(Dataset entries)
>>>

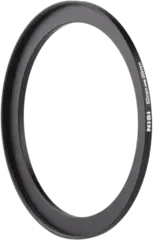 Nisi Adapter Ring for 95mm Holder 82mm 82mm filter på 95mm holder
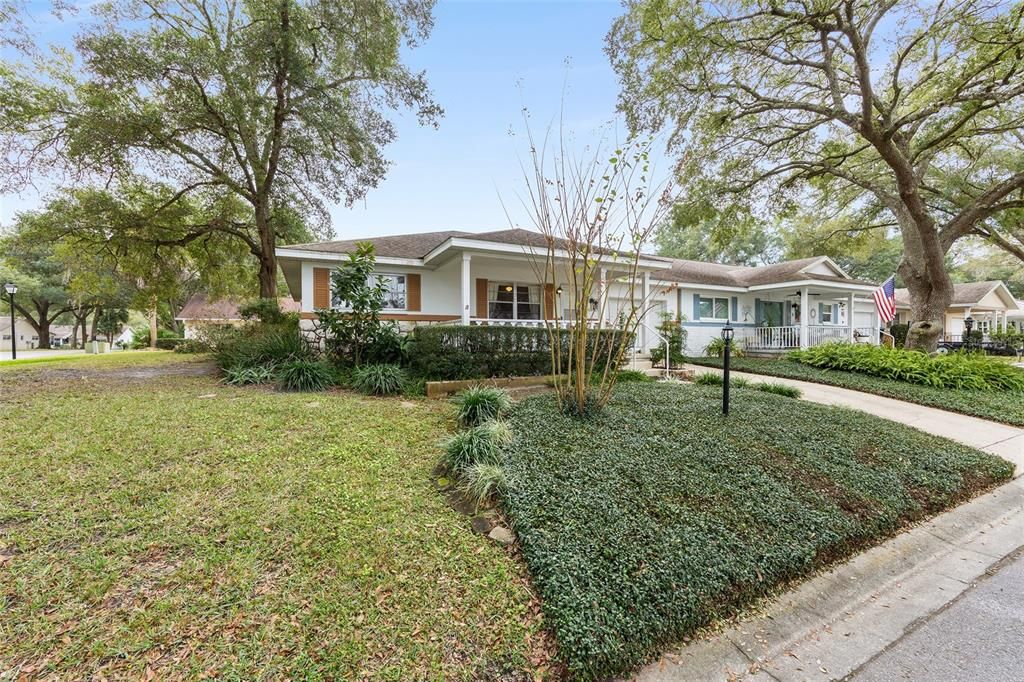 En Venta: $115,000 (2 camas, 2 baños, 1341 Pies cuadrados)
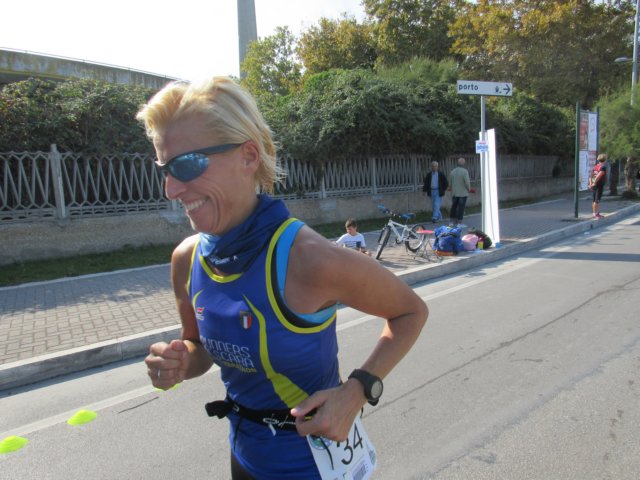 photo53.jpg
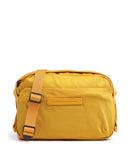 Horizn Studios Aoyama Borsa a tracolla bright amber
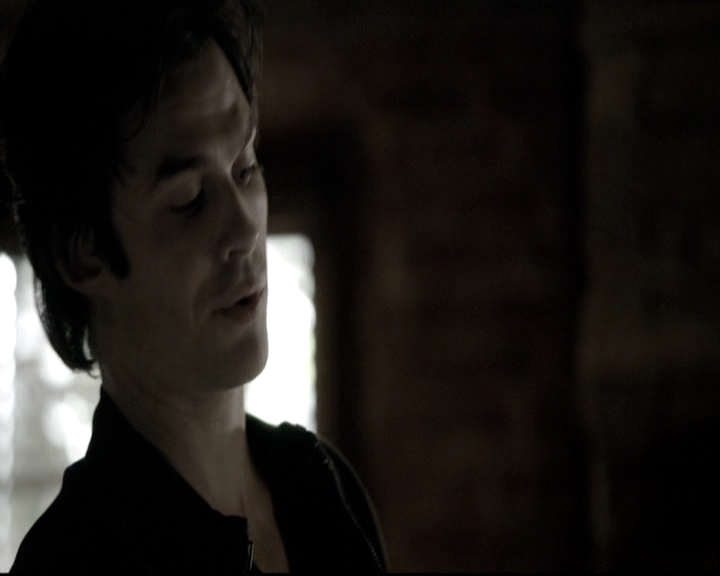 VampireDiariesWorld-dot-nl_6x14Stay0263.jpg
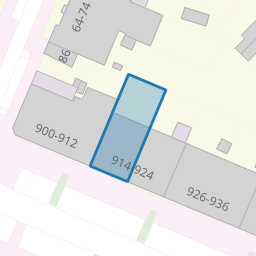 Perceel GVH28-AL-2634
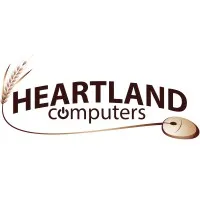 Heartland Computers Inc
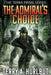 The Admiral's Choice by Terry A. Hurlbut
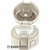 Термокружка Zojirushi 0.48 л SM-KHF48NL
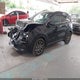 KNDP63AC4L7830287 2020 Kia Sportage S auction photo thumbnail 2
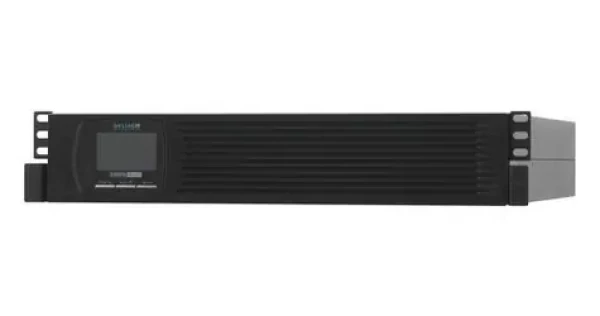 ONLINE Xanto 2000R / UPS / 2000 VA (X2000R)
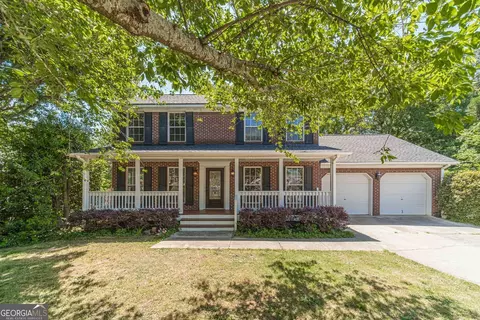 740 Madison Chase Dr, Lawrenceville, GA 30045
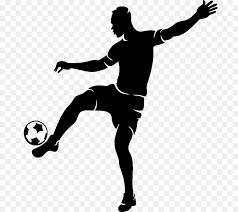 We did not find results for: Football Cartoon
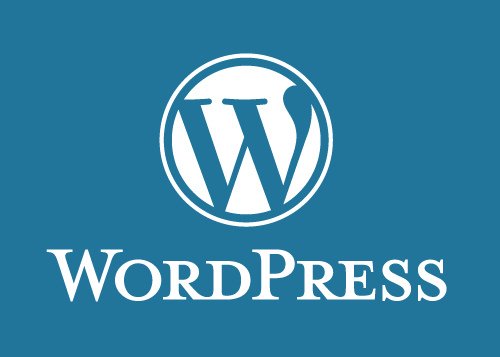 wordpress linux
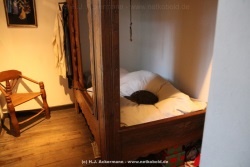 fotografie-45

<<<

_Exercise instructions_:
Would you write each entry out again exactly, omitting the images?

_Output for this exercise_:
 Nisi Adapter Ring for 95mm Holder 82mm 82mm filter på 95mm holder
 En Venta: $115,000 (2 camas, 2 baños, 1341 Pies cuadrados)
 photo53.jpg
 Horizn Studios Aoyama Borsa a tracolla bright amber
 VampireDiariesWorld-dot-nl_6x14Stay0263.jpg
 Perceel GVH28-AL-2634
 Heartland Computers Inc
 The Admiral's Choice by Terry A. Hurlbut
 Термокружка Zojirushi 0.48 л SM-KHF48NL
 KNDP63AC4L7830287 2020 Kia Sportage S auction photo thumbnail 2
 ONLINE Xanto 2000R / UPS / 2000 VA (X2000R)
 740 Madison Chase Dr, Lawrenceville, GA 30045
 We did not find results for: Football Cartoon
 wordpress linux
 fotografie-45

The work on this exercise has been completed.